Suppose you are given a finite abelian group $G$ represented by a (square) matrix $M$, that is $$G \cong \mathbb{Z}^n /M \cong \mathbb{Z}^n /S, $$ where $S$ is the Smith normal form of $M$.
My question is, given an element $v$ of $G$ written as a vector $v \in \mathbb{Z}^n$ (seen as a vector in the cokernel of $M$), how can it be transformed in a vector $v'\in \mathbb{Z}^n$ in the cokernel of $S$?
The transformation you're looking for is simply $v'=Pv$, where $PMQ=S$ is the Smith decomposition of $S$ : $P,Q$ are invertible and $S$ is diagonal with each diagonal coefficient dividing the next.
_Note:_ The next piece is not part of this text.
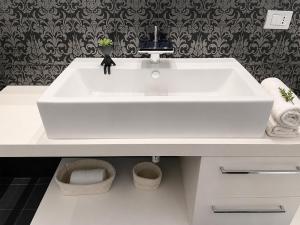 a white bathroom sink with two baskets under it at Souvenir D Italie in Alatri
Let $g\in G$. If we present $G$ as $\frac{{\mathbb Z}^n}{M{\mathbb Z}^n}$, we see that $g$ is represented by a coset $m=v+M{\mathbb Z}^n$ for some $v\in {\mathbb Z}^n$. Then :
$$ \begin{array}{lcl} m &=& v+M{\mathbb Z}^n \\ &=& v+P^{-1}SQ^{-1}{\mathbb Z}^n \\ &=& v+P^{-1}S{\mathbb Z}^n \ (\textrm{because}\ Q \ \textrm{is invertible}) \\ &=& P^{-1}Pv+P^{-1}S{\mathbb Z}^n \\ &=& P^{-1}(Pv+S{\mathbb Z}^n) \\ &=& P^{-1}(v'+S{\mathbb Z}^n) \\ \end{array} $$
Note that the two cosets, $v+M{\mathbb Z}^n$ and $v'+S{\mathbb Z}^n$ are not equal but they are related by the isomorphism $P^{-1}$.